===== PROVIDED DATA =====

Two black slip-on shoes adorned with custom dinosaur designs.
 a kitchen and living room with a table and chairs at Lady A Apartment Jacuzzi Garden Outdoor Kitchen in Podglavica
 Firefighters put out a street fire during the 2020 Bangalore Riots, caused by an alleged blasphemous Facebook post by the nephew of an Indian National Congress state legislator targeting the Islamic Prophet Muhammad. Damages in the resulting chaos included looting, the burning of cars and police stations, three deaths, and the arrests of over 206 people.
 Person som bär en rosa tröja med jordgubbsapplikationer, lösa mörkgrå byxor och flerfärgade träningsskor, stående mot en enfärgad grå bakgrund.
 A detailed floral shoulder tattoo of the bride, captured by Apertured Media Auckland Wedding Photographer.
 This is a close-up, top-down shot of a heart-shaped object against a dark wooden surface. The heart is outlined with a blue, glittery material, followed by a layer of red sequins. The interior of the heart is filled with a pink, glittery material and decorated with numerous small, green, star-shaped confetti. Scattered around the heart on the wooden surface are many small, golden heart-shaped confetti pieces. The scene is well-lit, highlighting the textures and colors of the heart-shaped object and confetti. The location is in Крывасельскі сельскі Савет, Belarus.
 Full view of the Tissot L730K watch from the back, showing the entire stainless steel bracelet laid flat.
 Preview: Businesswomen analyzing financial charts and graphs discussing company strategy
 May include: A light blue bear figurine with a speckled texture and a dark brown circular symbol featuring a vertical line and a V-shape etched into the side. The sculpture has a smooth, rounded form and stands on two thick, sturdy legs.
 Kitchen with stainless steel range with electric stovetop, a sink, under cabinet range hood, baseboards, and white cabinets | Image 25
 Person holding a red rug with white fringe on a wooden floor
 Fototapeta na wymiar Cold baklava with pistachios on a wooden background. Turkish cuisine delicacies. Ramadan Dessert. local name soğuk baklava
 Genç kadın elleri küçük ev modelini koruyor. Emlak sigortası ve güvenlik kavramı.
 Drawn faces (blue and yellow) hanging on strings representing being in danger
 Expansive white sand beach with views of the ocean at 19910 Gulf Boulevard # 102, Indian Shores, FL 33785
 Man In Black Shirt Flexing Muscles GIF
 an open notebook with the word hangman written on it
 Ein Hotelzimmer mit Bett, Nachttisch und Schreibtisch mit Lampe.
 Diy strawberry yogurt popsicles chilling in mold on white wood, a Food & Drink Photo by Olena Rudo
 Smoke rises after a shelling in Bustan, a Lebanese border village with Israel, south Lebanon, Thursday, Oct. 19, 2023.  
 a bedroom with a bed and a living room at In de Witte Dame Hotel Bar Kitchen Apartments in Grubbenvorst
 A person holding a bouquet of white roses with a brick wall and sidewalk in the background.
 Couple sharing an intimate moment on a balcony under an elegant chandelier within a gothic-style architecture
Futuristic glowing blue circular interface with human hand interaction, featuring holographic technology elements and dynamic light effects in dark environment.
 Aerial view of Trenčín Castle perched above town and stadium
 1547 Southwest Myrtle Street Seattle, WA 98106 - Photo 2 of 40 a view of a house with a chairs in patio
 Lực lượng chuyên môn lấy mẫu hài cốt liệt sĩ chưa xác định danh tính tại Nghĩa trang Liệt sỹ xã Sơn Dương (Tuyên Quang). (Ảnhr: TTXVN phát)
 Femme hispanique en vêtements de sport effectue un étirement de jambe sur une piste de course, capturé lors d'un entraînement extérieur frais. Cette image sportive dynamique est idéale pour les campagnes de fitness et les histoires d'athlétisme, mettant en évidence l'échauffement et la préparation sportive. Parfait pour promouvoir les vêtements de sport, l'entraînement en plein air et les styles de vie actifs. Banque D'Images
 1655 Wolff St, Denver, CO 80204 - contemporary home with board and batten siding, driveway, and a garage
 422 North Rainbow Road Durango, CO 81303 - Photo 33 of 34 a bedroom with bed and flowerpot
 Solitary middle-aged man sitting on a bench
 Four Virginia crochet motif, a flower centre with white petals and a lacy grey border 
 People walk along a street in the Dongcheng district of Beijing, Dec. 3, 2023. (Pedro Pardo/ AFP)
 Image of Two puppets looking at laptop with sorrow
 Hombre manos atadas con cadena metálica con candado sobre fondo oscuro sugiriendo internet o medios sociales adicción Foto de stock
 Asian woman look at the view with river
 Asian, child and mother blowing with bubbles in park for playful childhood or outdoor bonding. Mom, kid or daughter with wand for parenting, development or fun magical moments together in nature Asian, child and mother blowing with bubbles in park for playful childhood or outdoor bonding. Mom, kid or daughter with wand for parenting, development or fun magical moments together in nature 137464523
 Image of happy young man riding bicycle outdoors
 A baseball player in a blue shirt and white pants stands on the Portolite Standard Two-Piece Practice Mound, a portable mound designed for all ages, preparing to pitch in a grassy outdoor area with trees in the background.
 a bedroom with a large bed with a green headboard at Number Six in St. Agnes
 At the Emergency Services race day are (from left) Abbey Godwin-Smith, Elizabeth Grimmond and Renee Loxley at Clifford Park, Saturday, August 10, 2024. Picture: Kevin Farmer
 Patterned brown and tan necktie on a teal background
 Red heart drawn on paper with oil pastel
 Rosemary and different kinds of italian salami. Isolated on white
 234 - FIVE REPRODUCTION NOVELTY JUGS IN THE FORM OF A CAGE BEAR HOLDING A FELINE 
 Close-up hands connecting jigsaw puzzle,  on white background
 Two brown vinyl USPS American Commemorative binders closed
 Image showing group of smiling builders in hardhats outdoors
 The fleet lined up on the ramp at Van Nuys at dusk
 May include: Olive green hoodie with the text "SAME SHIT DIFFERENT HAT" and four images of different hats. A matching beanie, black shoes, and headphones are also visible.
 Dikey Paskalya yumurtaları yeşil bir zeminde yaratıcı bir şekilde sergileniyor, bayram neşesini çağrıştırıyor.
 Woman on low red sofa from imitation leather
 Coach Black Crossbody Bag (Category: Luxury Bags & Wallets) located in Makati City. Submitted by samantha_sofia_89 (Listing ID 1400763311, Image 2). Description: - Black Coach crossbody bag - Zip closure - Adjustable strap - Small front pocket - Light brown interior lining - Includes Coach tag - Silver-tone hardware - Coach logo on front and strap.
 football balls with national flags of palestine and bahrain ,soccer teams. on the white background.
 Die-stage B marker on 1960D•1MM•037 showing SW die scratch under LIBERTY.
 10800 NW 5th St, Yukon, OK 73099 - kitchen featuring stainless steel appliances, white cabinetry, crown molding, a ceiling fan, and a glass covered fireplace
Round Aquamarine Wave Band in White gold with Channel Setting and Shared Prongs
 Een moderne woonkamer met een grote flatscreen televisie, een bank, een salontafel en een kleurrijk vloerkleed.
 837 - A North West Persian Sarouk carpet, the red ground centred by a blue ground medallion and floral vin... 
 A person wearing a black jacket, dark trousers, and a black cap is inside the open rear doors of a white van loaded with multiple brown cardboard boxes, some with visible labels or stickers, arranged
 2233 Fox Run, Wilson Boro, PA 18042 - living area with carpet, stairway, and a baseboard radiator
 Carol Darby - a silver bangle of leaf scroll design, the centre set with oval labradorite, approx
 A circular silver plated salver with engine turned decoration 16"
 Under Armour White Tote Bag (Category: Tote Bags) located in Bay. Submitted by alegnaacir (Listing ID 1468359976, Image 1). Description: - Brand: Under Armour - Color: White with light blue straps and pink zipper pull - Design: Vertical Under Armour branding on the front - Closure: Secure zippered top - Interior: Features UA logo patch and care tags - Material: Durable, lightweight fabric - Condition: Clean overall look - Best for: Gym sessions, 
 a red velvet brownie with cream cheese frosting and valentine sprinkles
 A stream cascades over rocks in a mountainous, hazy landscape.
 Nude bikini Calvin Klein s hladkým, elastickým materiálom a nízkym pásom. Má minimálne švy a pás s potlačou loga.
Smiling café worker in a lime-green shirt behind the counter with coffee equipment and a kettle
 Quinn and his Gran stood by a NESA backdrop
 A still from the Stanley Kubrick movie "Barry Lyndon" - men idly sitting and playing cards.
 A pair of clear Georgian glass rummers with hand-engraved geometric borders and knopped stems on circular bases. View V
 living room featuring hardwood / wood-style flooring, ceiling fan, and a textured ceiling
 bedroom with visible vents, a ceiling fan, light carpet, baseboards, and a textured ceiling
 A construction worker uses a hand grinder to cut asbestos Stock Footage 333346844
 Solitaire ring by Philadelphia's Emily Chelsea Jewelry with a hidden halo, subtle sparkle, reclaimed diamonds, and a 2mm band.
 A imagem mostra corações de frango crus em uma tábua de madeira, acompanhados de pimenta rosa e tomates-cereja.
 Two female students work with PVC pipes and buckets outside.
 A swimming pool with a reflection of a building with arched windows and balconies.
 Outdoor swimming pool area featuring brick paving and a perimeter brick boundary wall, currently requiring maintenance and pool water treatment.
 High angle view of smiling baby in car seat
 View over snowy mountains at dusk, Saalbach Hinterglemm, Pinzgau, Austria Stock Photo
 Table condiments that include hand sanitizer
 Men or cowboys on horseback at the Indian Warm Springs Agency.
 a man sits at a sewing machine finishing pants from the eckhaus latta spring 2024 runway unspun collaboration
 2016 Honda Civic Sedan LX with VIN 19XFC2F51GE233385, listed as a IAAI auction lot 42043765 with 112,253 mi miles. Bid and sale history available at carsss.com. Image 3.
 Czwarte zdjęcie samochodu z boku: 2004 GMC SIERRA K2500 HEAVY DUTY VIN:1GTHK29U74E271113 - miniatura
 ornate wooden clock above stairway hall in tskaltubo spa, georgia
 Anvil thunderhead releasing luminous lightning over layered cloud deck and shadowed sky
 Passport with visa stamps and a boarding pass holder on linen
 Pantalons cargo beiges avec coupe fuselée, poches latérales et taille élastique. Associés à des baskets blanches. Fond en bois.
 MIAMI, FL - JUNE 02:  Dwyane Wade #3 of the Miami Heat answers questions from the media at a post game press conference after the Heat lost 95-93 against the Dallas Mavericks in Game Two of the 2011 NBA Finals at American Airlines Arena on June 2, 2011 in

=====

### YOUR INSTRUCTIONS
Set down, exactly as they appear above, all lines from the one that has "10800 NW 5th" down to the one that has "A person wearing", including those two and no others.

### RESPONSE BELOW
 10800 NW 5th St, Yukon, OK 73099 - kitchen featuring stainless steel appliances, white cabinetry, crown molding, a ceiling fan, and a glass covered fireplace
Round Aquamarine Wave Band in White gold with Channel Setting and Shared Prongs
 Een moderne woonkamer met een grote flatscreen televisie, een bank, een salontafel en een kleurrijk vloerkleed.
 837 - A North West Persian Sarouk carpet, the red ground centred by a blue ground medallion and floral vin... 
 A person wearing a black jacket, dark trousers, and a black cap is inside the open rear doors of a white van loaded with multiple brown cardboard boxes, some with visible labels or stickers, arranged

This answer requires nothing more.